Caro Maquiavel, uma coisa não justifica outra. A morte deste advogado é uma aberração que desacredita qualquer política. Se os dirigentes russos querem imitar o que de pior se faz no mundo, então essa morte está explicada. Podiam imitar outras coisas mais positivas.

Anónimo disse...

Há teorias da conspiração verdadeiramente hilariantes. Se Milosevic se tivesse entregado voluntariamente ao tribunal de Haia, cheio de vontade de contar umas verdades e incriminar aqueles venenosos da NATO, ainda seria concebível uma conspiração para o impedir de “colocar a boca no trombone”. O melhor para aqueles criminosos americanos e europeus seria mesmo, nesse caso, não o tentar apanhar ou contratar um qualquer mafioso para lhe dar um tiro na tola, não fosse ele fazer revelações bombásticas aos media da EU, que por acaso até publicam histórias incriminatórias dos respectivos governos sem medo de serem “inspeccionados” …
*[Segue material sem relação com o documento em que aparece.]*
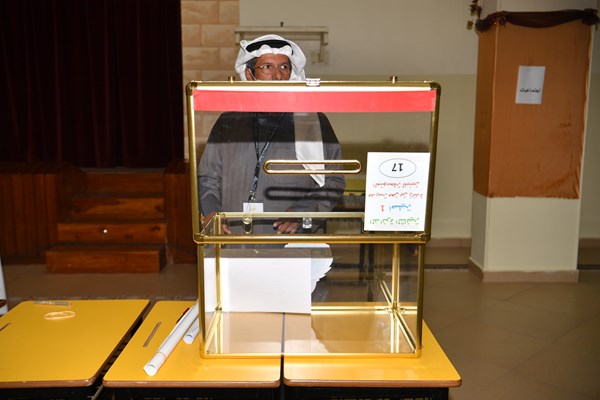 إغلاق باب مركز الاقتراع في مدرسة الشامية في تمام الثامنة
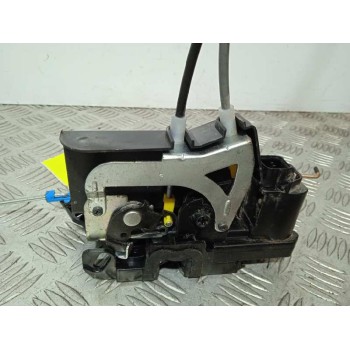 Recambio de cerradura puerta delantera derecha para ssangyong rodius 2.7 turbodiesel cat referencia OEM IAM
Mas não. O homem ficou verdadeiramente chateado por ser preso e obrigado a ir a tribunal e que a acusação ficou fula da vida porque o seu enfarte do miocárdio negou a devida justiça às suas vítimas. Na verdade, morto, o sujeito só se serviu a ele próprio.

António Campos

MSantos disse...

António Campos

Sobre a questão do pretenso idealismo da intervenção da NATO na guerra dos Balcãs anexo-lhe um texto ilustrativo do livro "Terapia de Choque" de Noami Klein para que se possa rir a bom grado:

" A ideia de que a incapacidade de adoptar o Consenso de Washington podia ser motivo suficiente para provocar uma invasão estrangeira (Iraque) pode parecer rebuscada, mas havia um precedente. Quando a NATO bombardeou Belgrado em 1999, a razão oficial apresentada foram as egrégias violações dos direitos humanos por parte de Slobodan Milosevic que tinham horrorizado o mundo. Mas numa revelação pouco divulgada anos após a guerra do Kosovo, Strob Talbott, vice-secretário de estado da administração Clinton e o principal negociador dos EUA durante a guerra, ofereceu uma explicação bem menos idealista: "À medida que as nações daquela região tentavam reformar as suas economias, mitigar as tentações étnicas e alargar a sociedade civil, Belgrado parecia ter prazer em seguir na direcção oposta. Não é de admirar que a NATO e a Juguslávia tenham acabado em rota de colisão. Foi a resistência da Juguslávia às tendências mais amplas das reformas política e económica - não a desgraça dos albaneses kosovares - que melhor explica a guerra da NATO". A revelação surgiu num livro de 2005 intitulado Collision Course: NATO, Russia and Kosovo de John Norris, antigo director de comunicações de Talbott."

Outros trabalhos igualmente hilariantes poderá também encontrar nos textos de Carlos Santos Pereira esse grande jornalista, sabe-se lá porquê, foi devotado ao completo esquecimento.

Cumpts
Manuel Santos

Anónimo disse...

Pois é. Tenho a mais absoluta certeza de que as viúvas de Srebrenica, que também não devem estar com muita vontade de rir, concordarão com a afirmação de Talbott de que o estilo de Belgrado de "seguir a direcção oposta" não era exactamente a atitude mais saudável.